Lines outside the range are not wanted. Give again exactly the lines between the line holding "Personalised Pink Gold" and the line holding "Topshop Jenny small", inclusive, from the listing below.

**Provided information:**
⁂
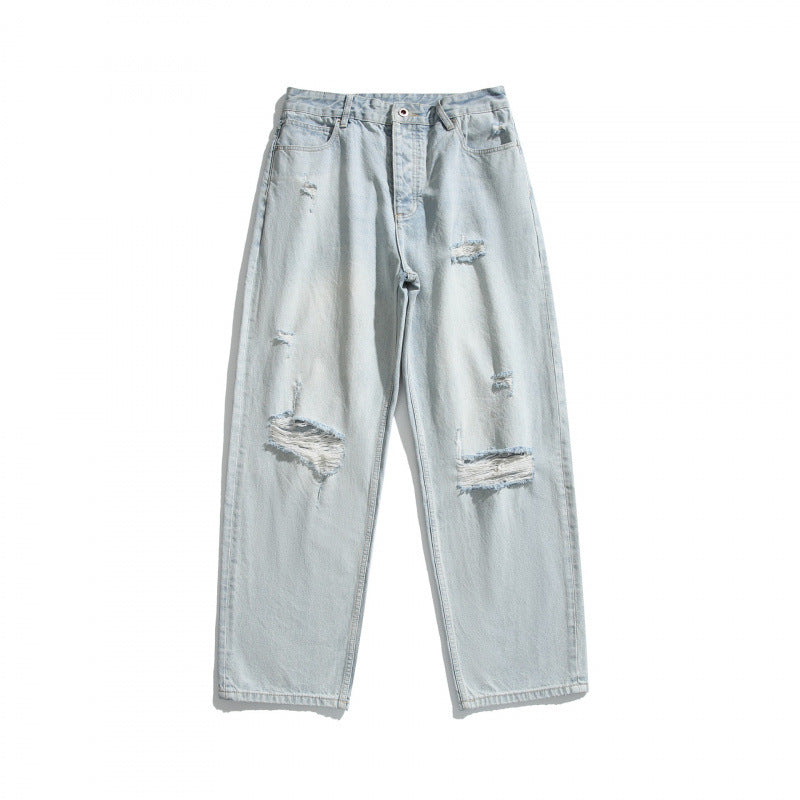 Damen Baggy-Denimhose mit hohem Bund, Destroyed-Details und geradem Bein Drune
⁂
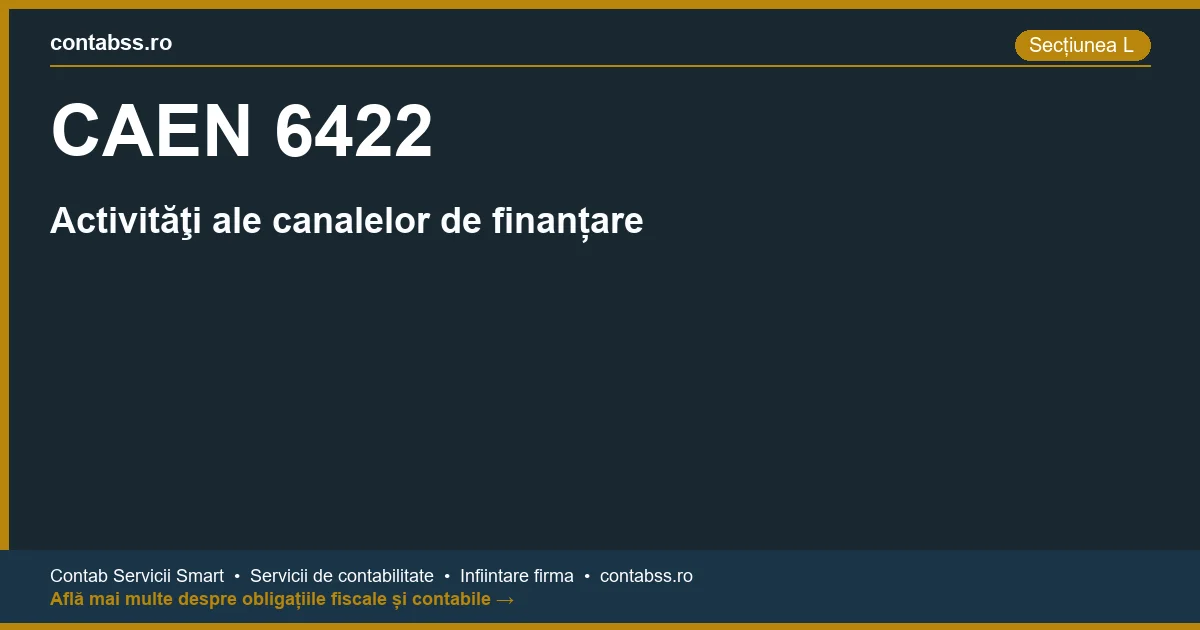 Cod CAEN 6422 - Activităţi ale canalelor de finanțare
⁂
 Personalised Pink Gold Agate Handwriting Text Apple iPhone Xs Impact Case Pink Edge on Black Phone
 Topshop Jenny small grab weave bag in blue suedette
⁂
**Output for this task:**
 Personalised Pink Gold Agate Handwriting Text Apple iPhone Xs Impact Case Pink Edge on Black Phone
 Topshop Jenny small grab weave bag in blue suedette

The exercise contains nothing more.